November 25, 2002
By MICHAEL KIMMELMAN
Roberto Sebastián Antonio Matta Echaurren, known as Matta, whose sometimes
nightmarish,
hallucinatory
paintings made him a premier Surrealist
and major artist of the mid-20th century, died on Saturday in Tarquinia,
Italy. He was 90 or 91.
In later years he split his time among Paris, London, Milan and Tarquinia. Born
in Chile, he spent much of his life in France and, beginning in 1939, nearly
a decade in the United States, where he influenced the development of the New
York School. The French saw him as a central member and the last great survivor
of the circle around André
Breton. His reputation in Europe and
South America was always greater than it was in the United States.
Like Breton and other Surrealists, Matta embraced the idea of automatic
drawing, or working as spontaneously as possible and as much as possible
without forethought, which was purported to be a way of tapping the unconscious.
He described his own paintings as "the subconscious in its burning, liquid
state; a conscious daytime substitution of the phenomenon of dreams."His
early Surrealist works, from the late 1930's and early 40's, were meant to suggest
primordial upheaval: he painted gelatinous landscapes and cosmic spaces filled
with eerie organic shapes in off-key, fluorescent
colors.
After World War II, these sorts of images gave way to a different but no less
fantastical variety: he populated canvases with robotic, mutant creatures that
sometimes seemed to be responses to the war.

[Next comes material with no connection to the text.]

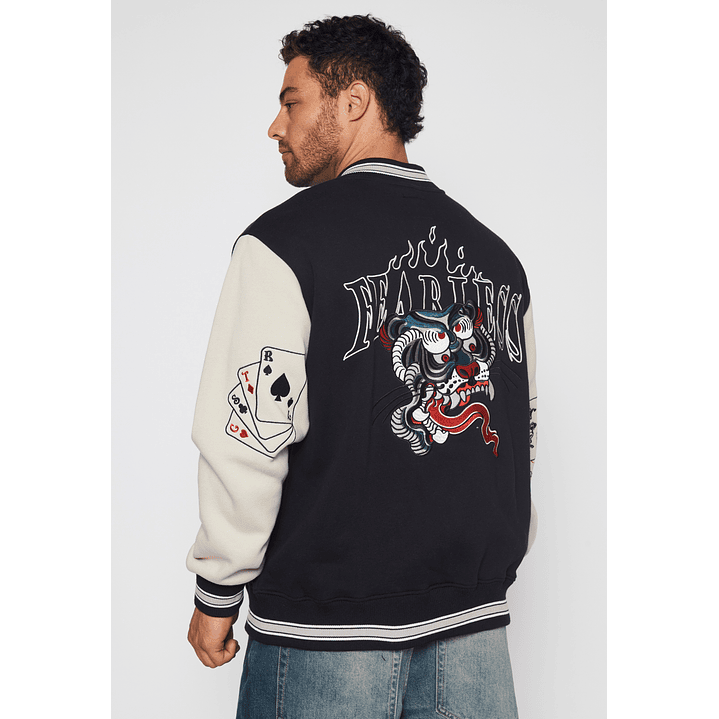 Chaqueta Franela Cartas Hombre Negro Familyshop 3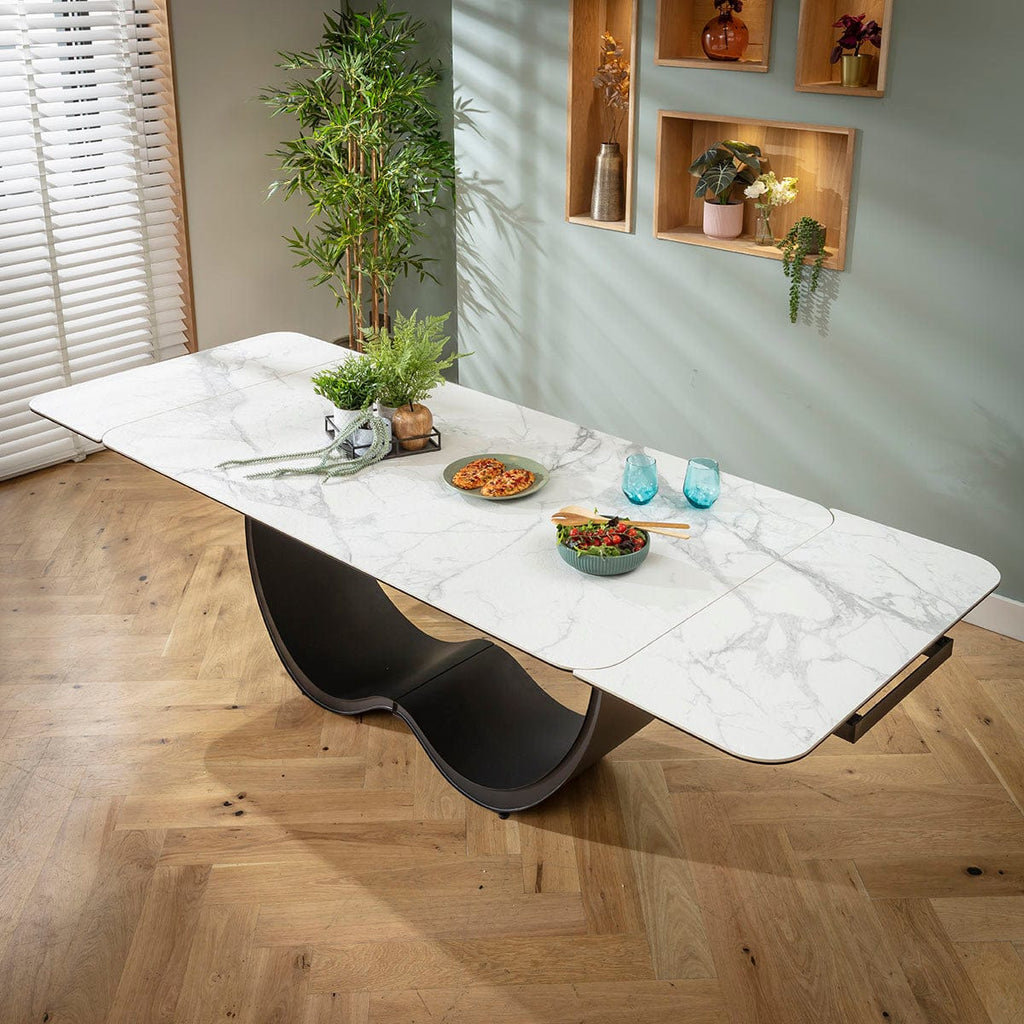 Ensemble de salle à manger extensible 6 places Millie &amp; Hugo, style moderne, en céramique grise et blanche mate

Painting figures when abstraction
was increasingly in vogue drew criticism in the United States, but he said the
figures were necessary to express man's inhumanity to man. "He sought to
send a message to other artists to inspire them also to deal directly with these
kinds of difficult issues," Elizabeth Smith, a curator of a recent Matta
retrospective, said.
Matta, an articulate, energetic, famously difficult man, gave his birth date
as 11/11/11, although it was also said that he was born in 1912. He came from
a prestigious family of Basque origin that included diplomats and a former president.
He rebelled against his strict Roman Catholic upbringing once he became a student
at Universidad Católica in Santiago,
studying with Hernán
Gazmuri, a painter whose anticlerical
beliefs deeply affected Matta.
In 1935 he left Chile for Paris, where so many ambitious young artists went
to make their careers. For a while he worked in the architectural studio of
Le Corbusier.
He also traveled, and at his aunt's house in Madrid he met the poets Federico
García Lorca and Pablo
Neruda. García Lorca's assassination in the Spanish
Civil War greatly disturbed Matta, and he responded by composing a fantastical
film script (no film was ever produced) that announced his leftist sensibilities.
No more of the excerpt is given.